Wednesday, 13 February 2008

Rotina

texto de: O Coxo

É assim: parte-se de manhã e o sol até parece uma estrela viva em que fusões nucleares e assim. Mas não. Na brutalidade da luz matinal constroí-se o equívoco. E enquanto luto para tirar a maldita geada do vidro do carro tenho medo desses oito minutos.

Conduzo por instinto. Não vejo o carro que vem da esquerda e a luz mais forte ainda. Oito minutos volvidos. Hidrogénio em Hélio e fotões aos montes.
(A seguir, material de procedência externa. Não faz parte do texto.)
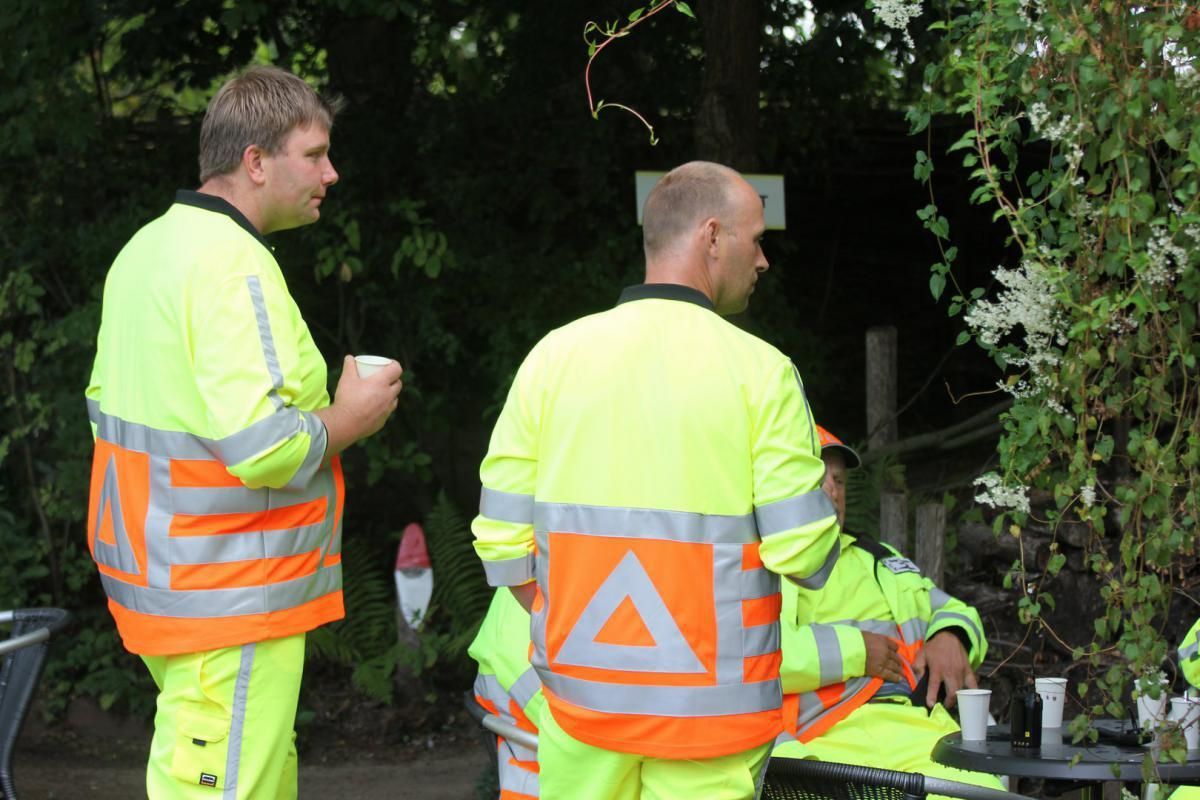 Een groep mannen die veiligheidsvesten dragen met een driehoek op de rug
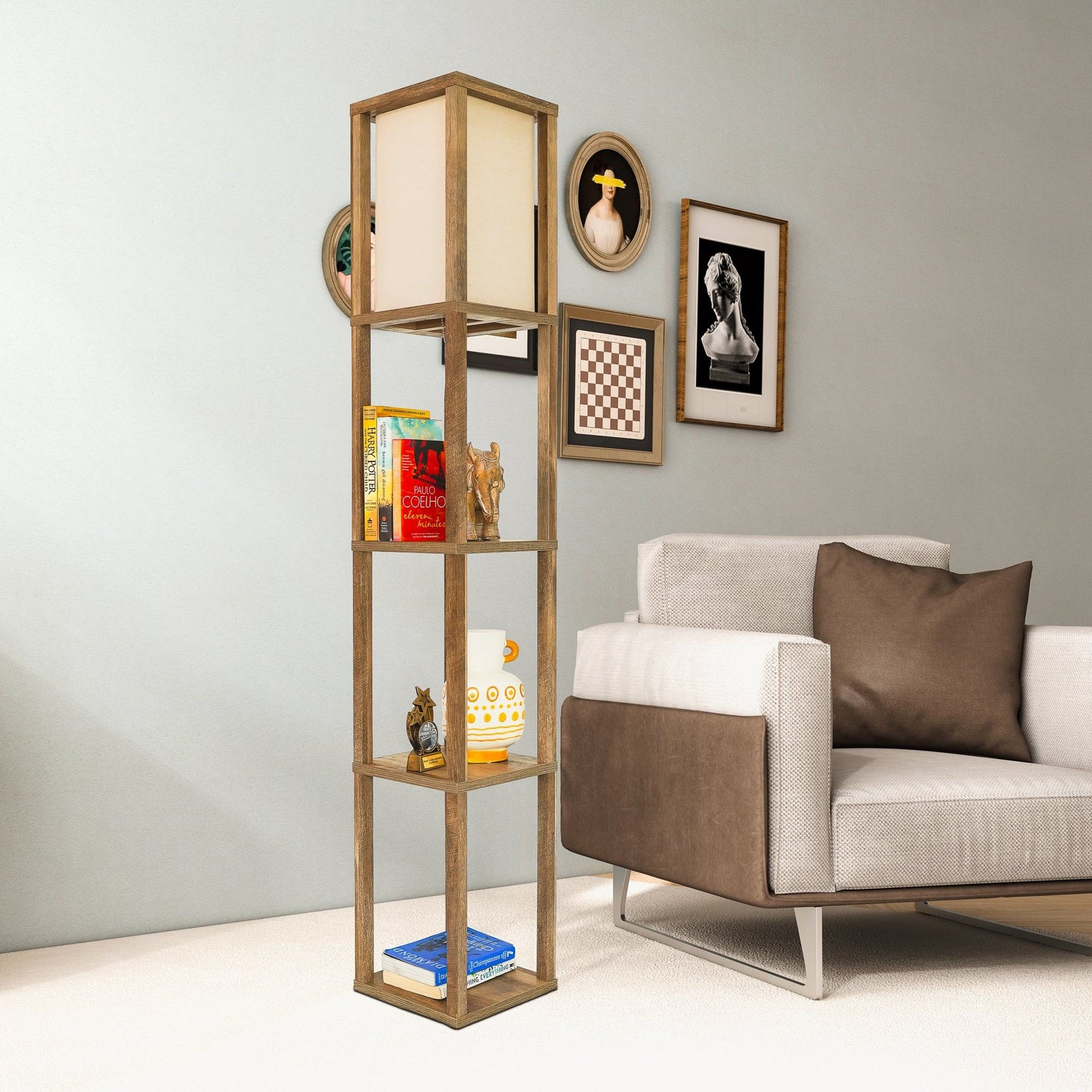 A modern living room with a beige armchair, brown cushion, and the Pinnacle Shelf Floor Lamp in natural wood/white, displaying books and decor. Art and photos hang on the light-colored wall behind the lamp.
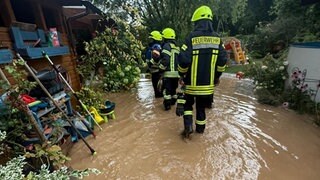 Feuerwehrleute laufen nach dem Unwetter durch einen völlig überschwemmten Garten zu einem Haus in Wachenheim.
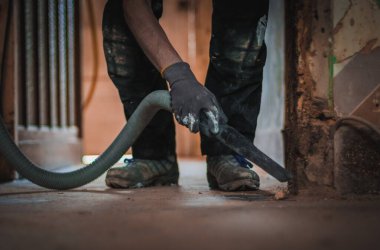 Üniformalı ve eldivenli tanınmayan genç bir beyaz adam inşaat süpürgesiyle etrafı süpürüyor. Yıkık duvarlı bir evin ana kirli geçidi. Tamirat için hazırlanıyor.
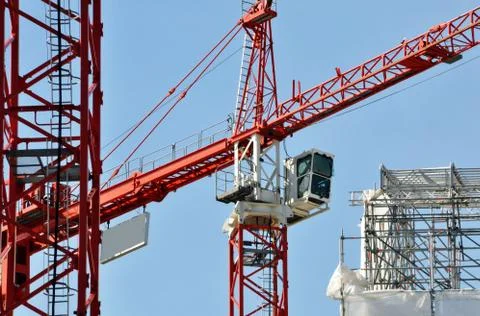 Cranes on a construction site Stock Photos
Vozes à minha volta e a luz forte que vem do tecto.

Tecto ?

Tenho sono (como todos os dias de manhã temos sono). Vozes à minha volta de cara tapada e bata branca. Estou deitado.

- passa-me o bisturi

Mais sol e oito minutos sem saber se haverá carros da esquerda. O sol com uma cor mais branca e por cima um tecto.

Um tecto ?

De certeza que estou atrasado. Da rotunda ao escritório cinco minutos e agora o carro da esquerda e eu aqui deitado a olhar o sol.

O sol ?

eu aqui deitado a olhar a luz pendurada do tecto. A olhar a luz pendurada do tecto e as enfermeiras

enfermeiras ?

as enfermeiras agitadissimas. Uma azáfama de hospital como se alguém

eu ?

como se alguém estivesse atrasado para o trabalho porque na rotunda a geada, o vidro, o carro da esquerda, o rádio que falava de baixas pressões, o homem de bicicleta que todos os dias me cruzo com ele, a farmácia ainda fechada, o buraco na estrada (o buraco que outro dia esqueci e o pneu furado), o ruído de travagem.

É assim: Parte-se de manhã já atrasado. A luz do sol dá-nos oito minutos de vida e a malha do destino fecha-se à nossa volta. Depois uma linha direita numa máquina que lê corações e no final mais luz. Dizem que um túnel.

Não sei se um túnel, mas parece-me que hoje não vou chegar a horas ao trabalho.